REVIEW OF LONDON MUSICI
Classical LONDON MUSICI St John's Smith Square
The chamber orchestra London Musici has existed, or rather flourished, since its conductor Mark Stephenson founded it in 1988. Last year they became house orchestra to the Rambert Dance Company and they now have a policy of bringing dance into the concert hall, which complements the long-established pattern of new music reaching a dance audience.
Last Wednesday, they put on an unusual, even extravagant, programme at St John's Smith Square under the banner Music, Song and Dance. It ended with a commission by one of their three associate composers, Adam Gorb, in which the musicians were ranged across the back of the stage while dancers took it over. Gorb's Kol Simcha, or Voice of Celebration, is a suite of seven continuous movements based partly on East European Jewish dance music, with a Sephardic wedding melody to start and a central arrangement of the lament, El Mole Rachamin (God full of compassion).
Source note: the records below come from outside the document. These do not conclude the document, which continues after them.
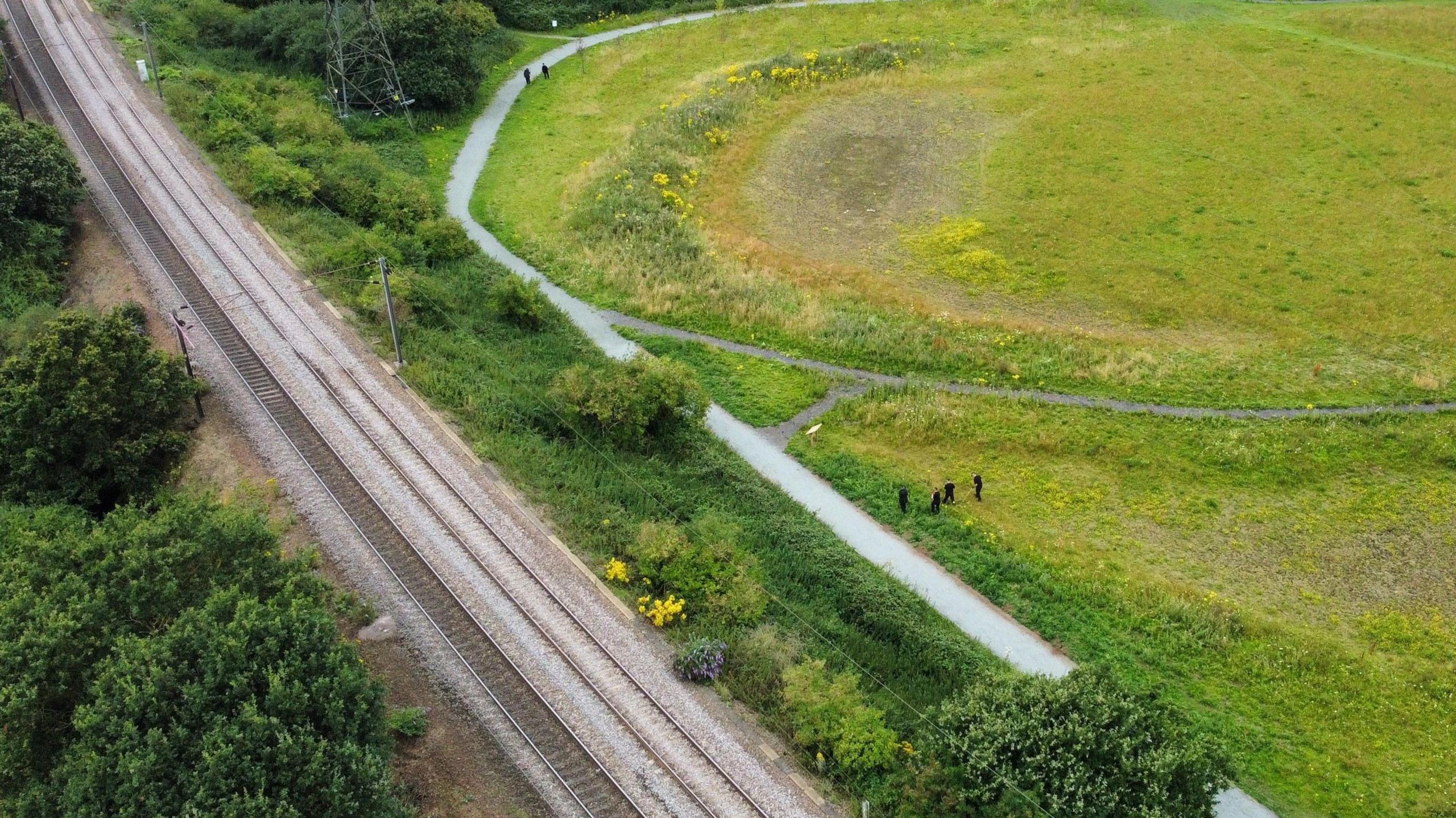 An aerial view of police in a field near the railway track where the incident happened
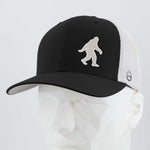 The Eternal Glyph Bigfoot Silhouette Albino (Silicone) Flexfit® Mesh Trucker Cap, featuring a black and white design and Bigfoot patch inspired by Pacific Northwest folklore, is shown on a faceted white mannequin head.
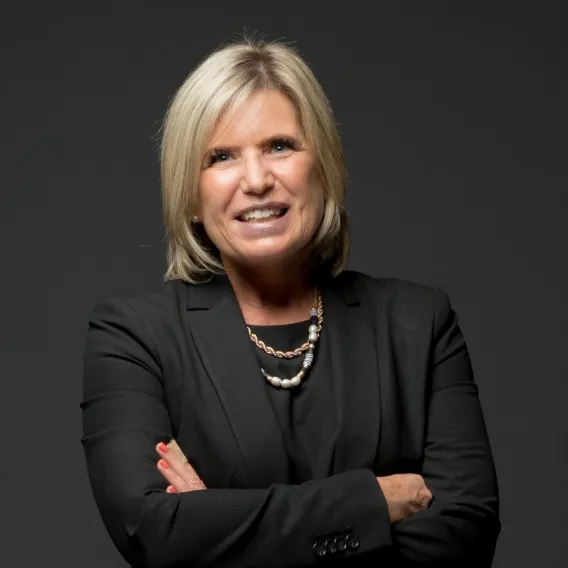 Person wearing a black blazer and layered necklace, standing with arms crossed against a dark background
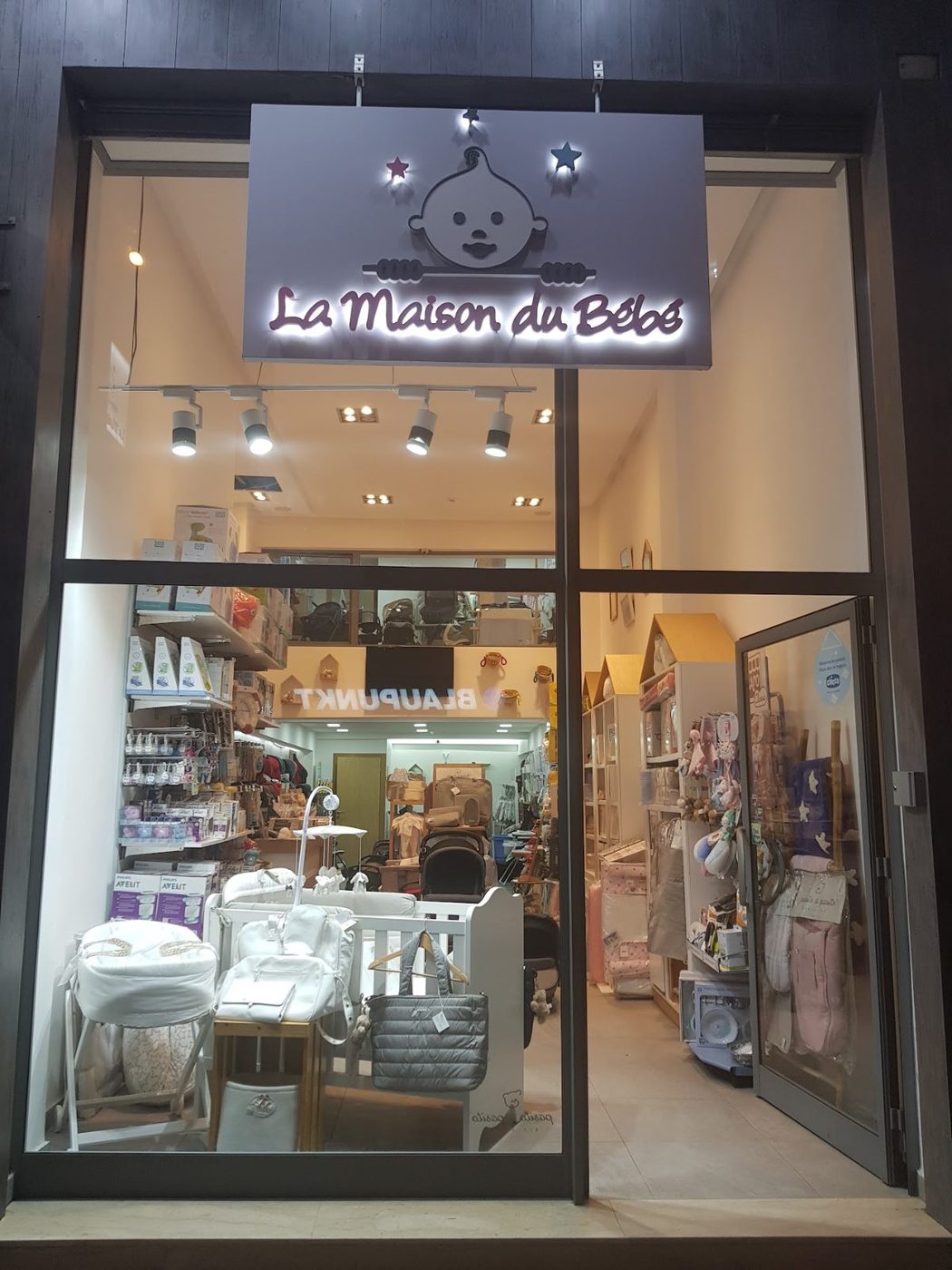Vitrine éclairée du showroom La Maison du Bébé, le soir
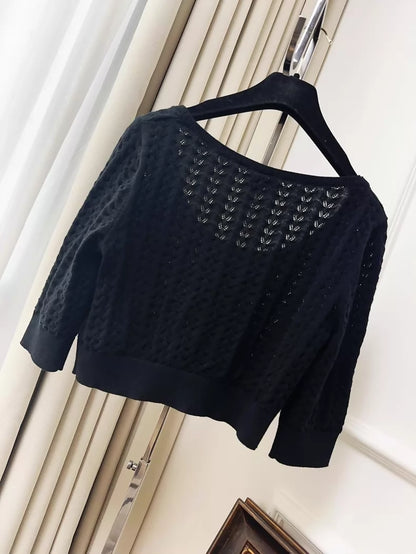 Chanel 24b black floral knit top with a large neckline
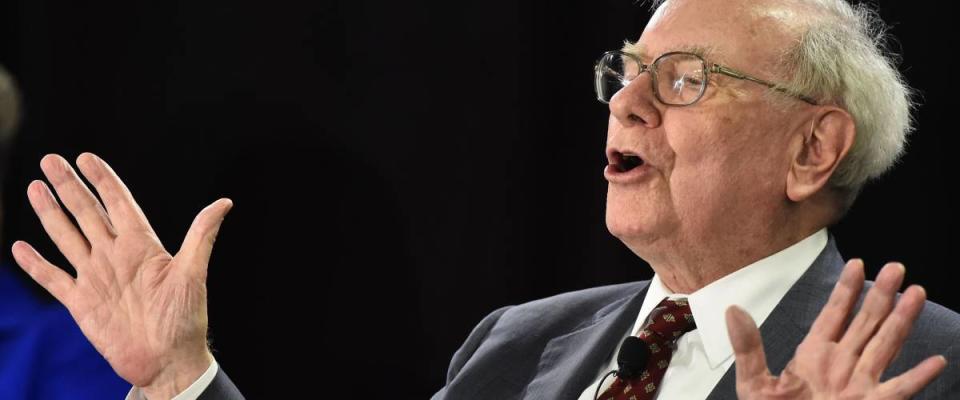 Warren Buffett speaks with hands up, gesturing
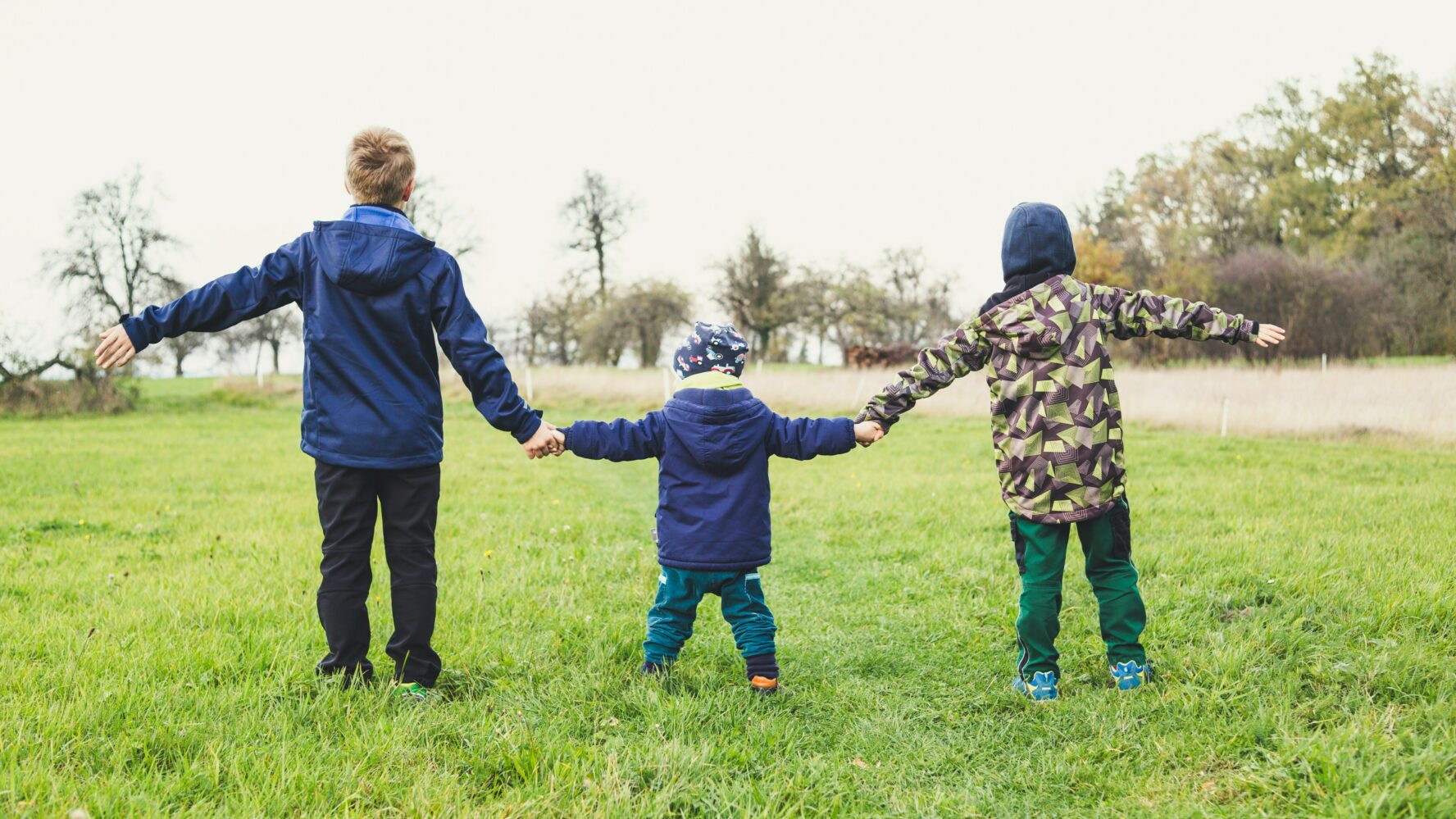 children outside holding hands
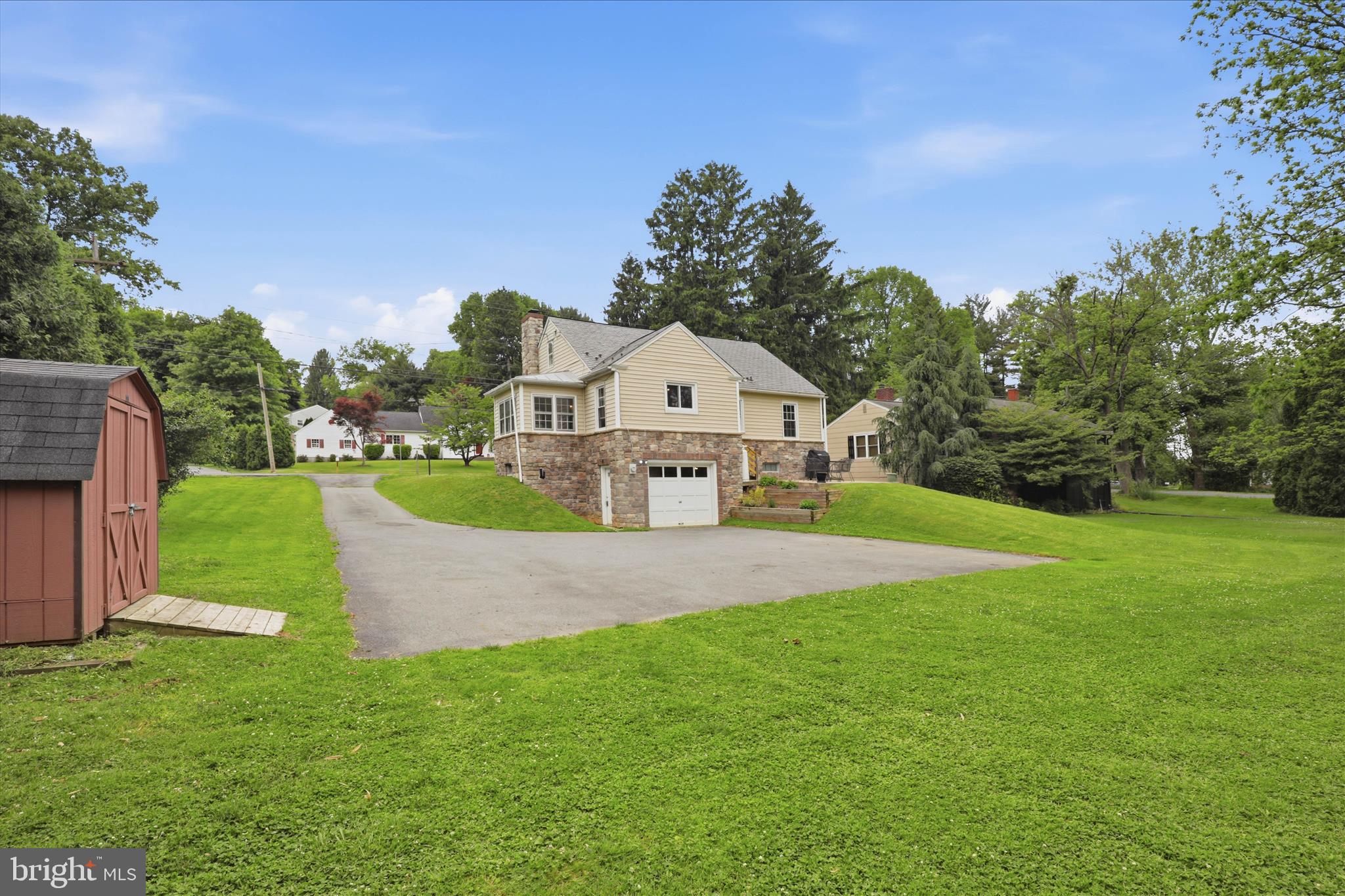 169 School House Road Lancaster, PA 17603 - Photo 33 of 39 a aerial view of a house next to a big yard and large trees
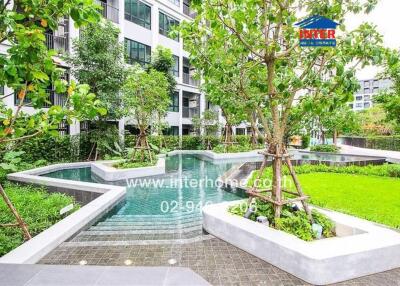 Luxurious outdoor swimming pool area with lush greenery in a modern residential complex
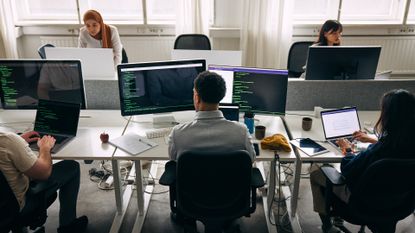 Male and female software developers working on desktop computers and laptops in an open plan office space with source code pictured on desktop monitor.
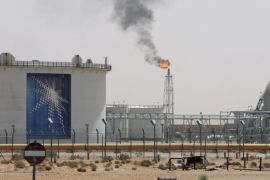 A gas flame is seen in the desert near the Khurais oilfield, about 160 km (99 miles) from Riyadh, in this June 23, 2008 file photo. A combination of massive currency reserves and a 2013 spending plan based on a conservative oil price projection means Saudi Arabia has considerable flexibility in deciding its oil output policy this year. To story SAUDI-OIL/BUDGET REUTERS/Ali Jarekji/Files (SAUDI ARABIA - Tags: BUSINESS ENERGY)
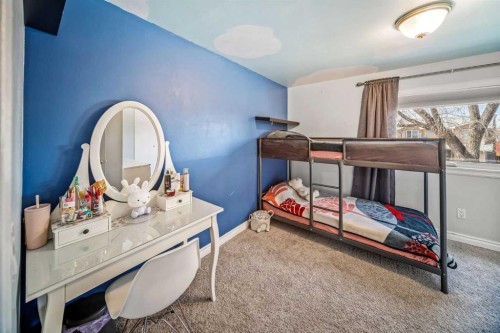 96 Mckinley Road Se, Calgary, AB - Indoor Photo Showing Bedroom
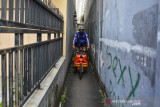 Sandi Hendrayana, menggowes sepeda kargo memasuki jalan gang untuk mengantarkan pesanan di kawasan Cihideung, Kota Tasikmalaya, Jawa Barat, Minggu (25/7/2021). Sandi merupakan pendiri Orangbike Messenger Service (OMS), jasa kurir bersepeda di Tasikmalaya sebagai kampanye ramah lingkungan guna mengurangi polusi udara. ANTARA FOTO/Adeng Bustomi/agr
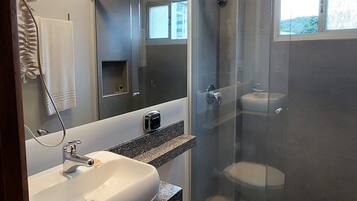 Un baño moderno con cabina de ducha de vidrio, lavamanos blanco y retrete.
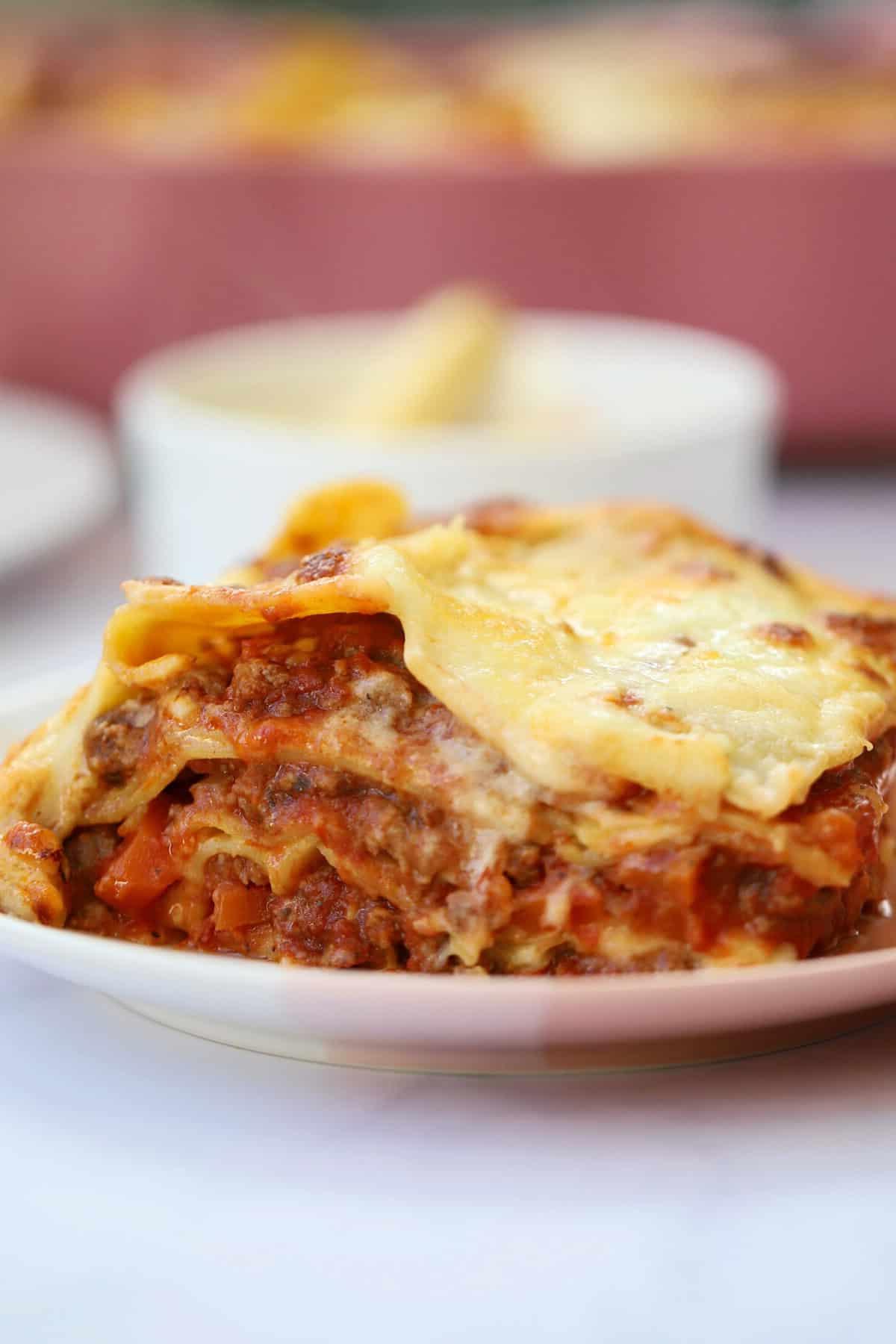 Lasagne Senza Glutine 2 Porzione ravvicinata di lasagne senza glutine su un piatto, che mostra gli strati di pasta, salsa al formaggio e ragù di carne.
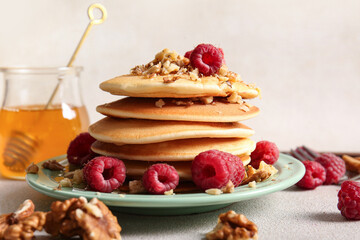 Plate of tasty pancakes with raspberries on light background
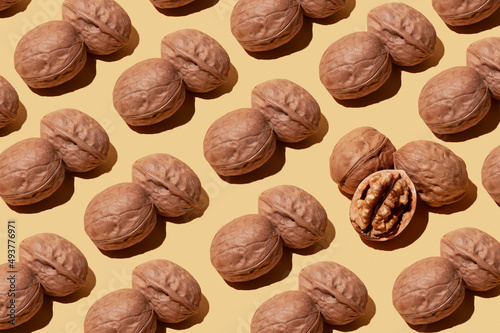 Pattern of walnuts on brown backgrounds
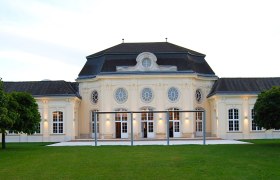 Historic building with symmetrical façade and large windows, surrounded by green spaces.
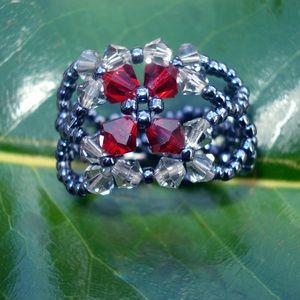 Red and navy blue beaded ring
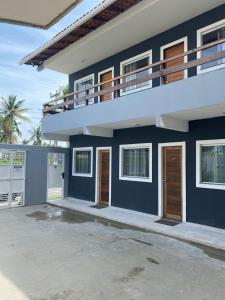 a blue and white house with a balcony at Atalaia Suítes in Salinópolis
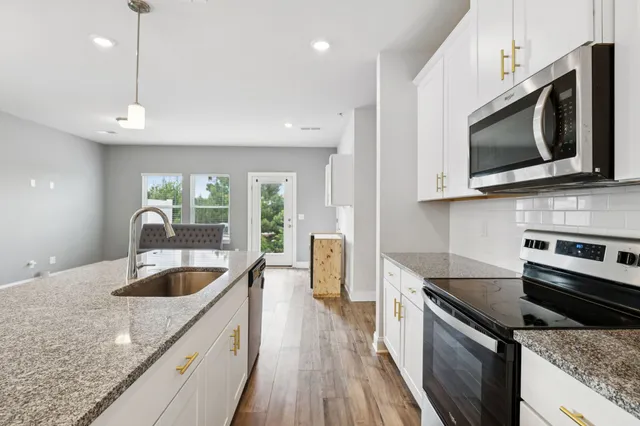 a kitchen with a sink a stove and cabinets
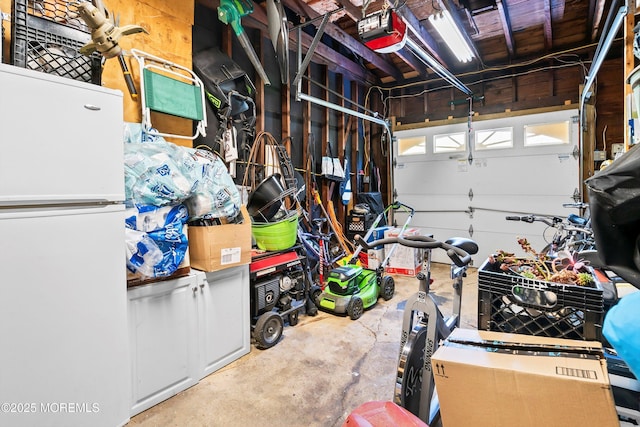 garage featuring freestanding refrigerator and a garage door opener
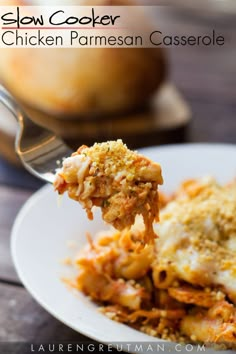 a fork full of chicken parmesan casserole on a white plate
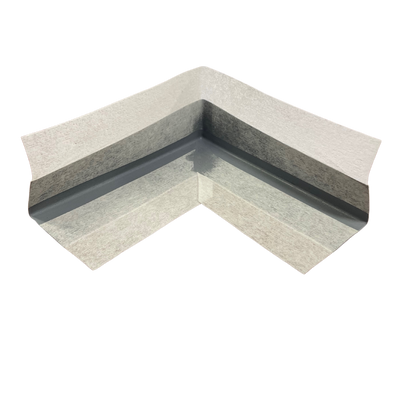 Preformed internal waterproofing corner with a flexible rubber centre and non-woven fleece backing, designed to reinforce internal wall and floor junctions, movement joints, and corners in waterproofing membrane systems.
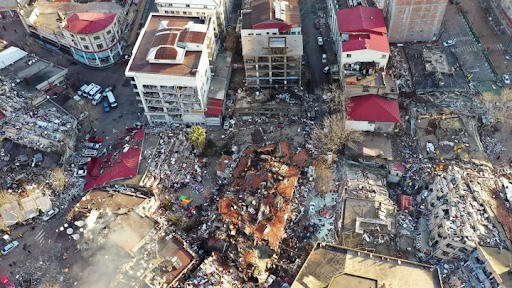 An overhead photograph of destroyed buildings, whole blocks of flats are completely flattened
It's scored for the traditional Yiddish band of nine musicians (known as Klezmerim), among whom the soulfully swooping clarinet of Merlin Shepherd and dizzy violin of Marianne Olyver shone brilliantly, as to the manner born. Gorb says he was helped and guided by Shepherd in researching his folk sources, and it's rather hard to comment on his own input. I think I would rather have had more of the real thing, which seemed rather diluted.
Didy Veldman's choreography wasn't at all ethnic, but angular and a bit confrontational. Arranged for two heterosexual pairs before the two men engaged in a very athletic fight and ended up grinning at each other, followed by a pale shadow of the same by the two women, the sexual subtext seemed distinctly corny, but at least some of the imagery, now geometrical, now drawn from the world of insects, was surprising.
Roussel's dry but bracing Sinfonietta opened the concert, with Madeleine Mitchell as guest leader. The other guest leader, Jagdish Mistry (late of the Mistry Quartet), was then soloist in H K Gruber's Concerto No 2, entitled Nebelsteinmusik, for reasons to do with Gruber's teacher, Gottfried von Einem, the dedicatee. The sources of the four mildly jazzy movements stem either from Einem's own music or music he liked. There seemed only a glimmer of irony in this amiable, good-natured work, and just enough humour to keep its nostalgic atmosphere from becoming oppressive, but the get-up-and-go syncopations of the finale, like a slick score for a road movie, made it a winner.
The slightly incongruous central work was Mahler's Kindertotenlieder, arranged by Reinbert de Leeuw for the sort of reduced forces available to Schoenberg's pioneering Society for Private Musical Performances, which aimed to break the ice of "unplayable" new music for committed audiences (neither applause nor critics were allowed).
The arrangement for flute, oboe, clarinet, horn, five strings, piano and harmonium certainly sounded convincing, although the piano was wont to bite off chunks only to cast them aside. What wasn't so compelling was the curious blandness of the performance.
Much of that was due to the singing of Roderick Williams, whose baritone voice was warm and pleasing, but who did nothing to convey any depth of feeling, let alone the bitter grief behind these songs. Some blame, too, must attach to Mark Stephenson, who conducted everything else with immense vigour, but seemed strangely in awe of Mahler's music, and made little of the drama in the stormy closing song.